The next job I got was drivin' wagons—old
Squat's junk shop, haulin' iron. I drove for them
two years. The man where was runnin' the shop was a police.
Luther Byrd was his name. Everybody call him "Police
Byrd." He had a butler boy stayed round the house all the time;
he raised hogs out there where he lived, and had some horses. This boy
just stayed out there to keep the stables all clean. When
we'd go in every evenin', he be done fed and had
water out there. We didn't have to do nothin' but
take them out. This boy what done that, home was in Winston-Salem. He
take sick and went home. Old man Luther then jumped at me to take his
job. I didn't want the job to start with, but they just
worried me so bad till I went on there and went to
work. I stayed there six months around the house. I'd milk
the cow and feed the hogs, and chickens. He stayed at the edge of town;
he's buried up in town. I stayed around there for about six
months, then I quit and come on back to the country. I helped my daddy
on the farm for about two years. They cut a sewage line out here from
Durham to Neuse River. I got a job on that. I worked on that until it
got up to the edge of Durham. That job went to the bad. I went back to
Durham and worked on the streetcar line—used to be a
streetcar line here in Durham. I worked on that for a while. I
didn't like that; I worked on that about three or four months
before I quit.
I went up in Lebanon township and went to work sawmillin' with
Will Markham and his brother Walter Markham—two brothers run
the sawmill up there. I went up there and went to work with them. I went
to turnin' logs. I stayed with them, I reckon, a year and a
half or more. They went busted and quit millin', so I come
back home again and worked a year or two on the farm with my daddy. Then
I strayed off and went to workin' with old man Will Connally.
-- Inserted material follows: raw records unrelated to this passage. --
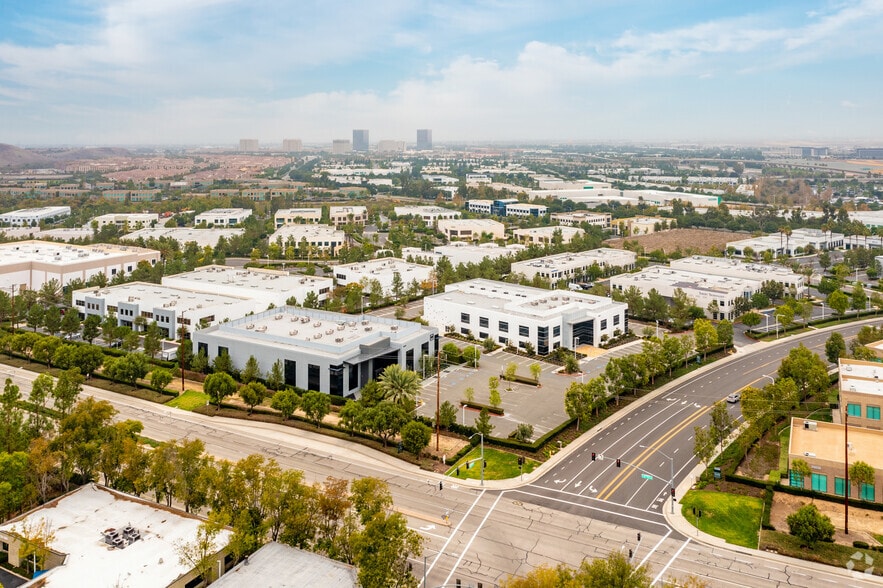 More Photos Of 576-584 Wald, Irvine Office For Lease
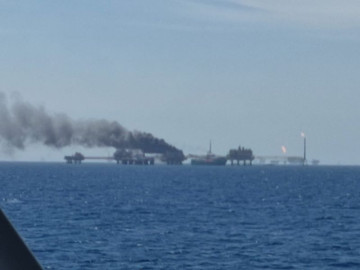 Se registra explosión en plataforma marina de Pemex en Campeche; deja cinco heridos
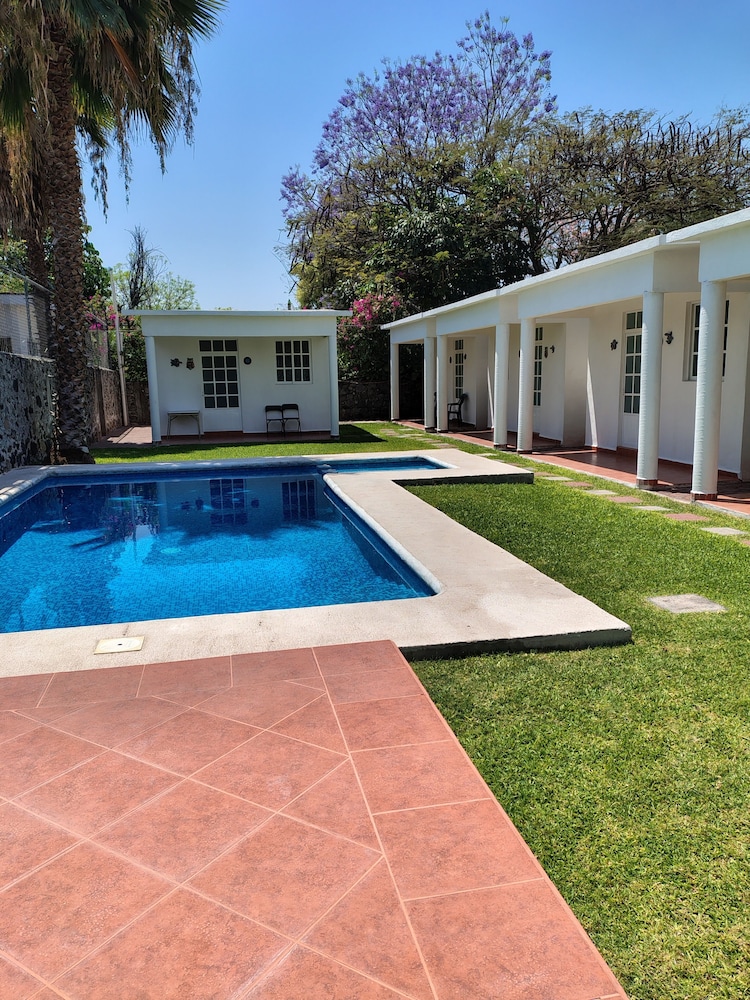 Comfort Bungalow, Pool View photo 1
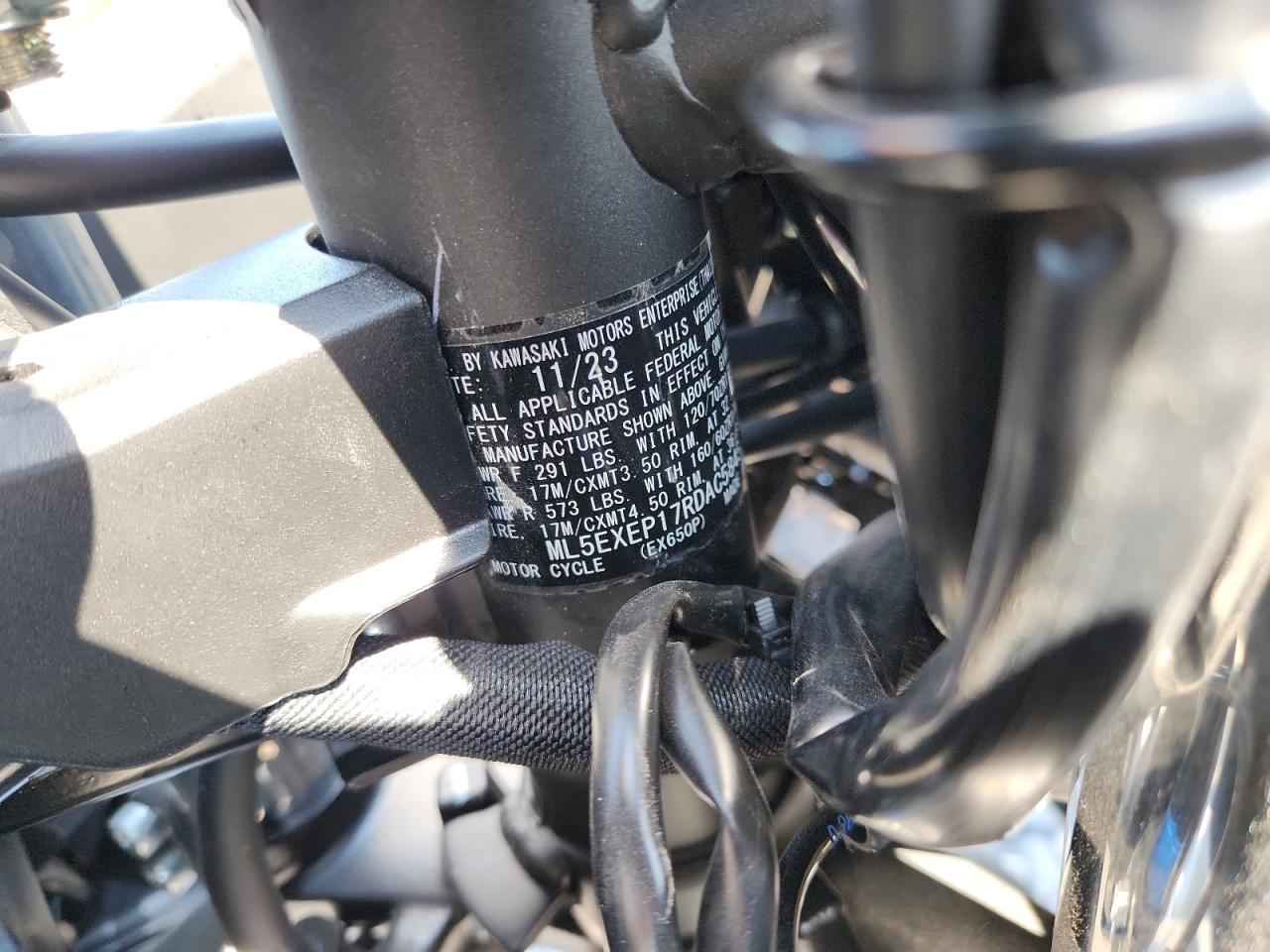 2024 Kawasaki Ex650 P VIN: ML5EXEP17RDAC5845 Lot: 80802815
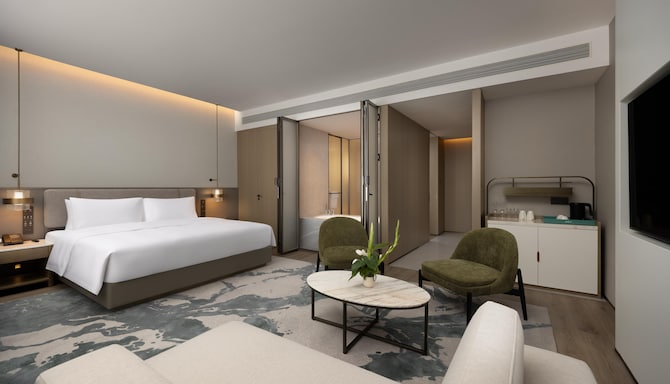 Radisson Resort Qiandao Lake Hangzhou - Deluxe King Suite - Mountain View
I worked with him three or four years—sawmill. Finally, I
quit him and went to old man Justin Keason. I worked with him till he
got all messed up, and they sold him out. He just got so far in debt
with the company down in Durham furnishing him horsefeed and someplace
that he was gettin' all his equipment for the framing mill.
He just got so deep in debt till they just busted him down.
I walked around a month or two, hangin' around Durham,
playin' guitar, me and Minnis Cates.
Finally I come out of Durham and went to workin' for old man
J. T. Holman, sawmillin' with him. I stayed with him for four
or five years till he died. The boys give up the sawmill—he
had two boys—they run the mill a while after the old man
died, and they just finally sold out quit.
Finally, I come back home again and took over the farm. My daddy, he went
out and worked about two years on the sawmill. I done the
farmin' there at home. After he come back in and took over
the farmin', I sold out to the railroad, got me a job on the
railroad. I worked railroad work seven years straight. The first year I
worked over at Gorman with that man. I left him and come on over here at
Wilton and worked six years up there on that section. I quit that and
went to Richmond. Got a job at the bridge on the railroad; I worked on
the bridge eighteen months, probably longer than that. I put that down
and got tired of that. That was too hard a work and dangerous too,
workin' on the trestle, puttin' new seals under
it. I got kind of scared of that job; it's kind of dangerous
work. You're liable to slip and fall or somethin'
and hurt yourself. My mother kept on beggin' me, say,
"I'd quit that. That's
dangerous." I thought about it and it was right dangerous, so I
give up that job.
From that, I got married then, settled down and commenced
farmin'. I farmed for about fourteen years. My first wife,
she died, then I worked on the farm for wages for
six years. Finally, me and Pauline married, and I kept on
farmin'. I farmed on up till I retired and quit.
That's the way I started all that workin'.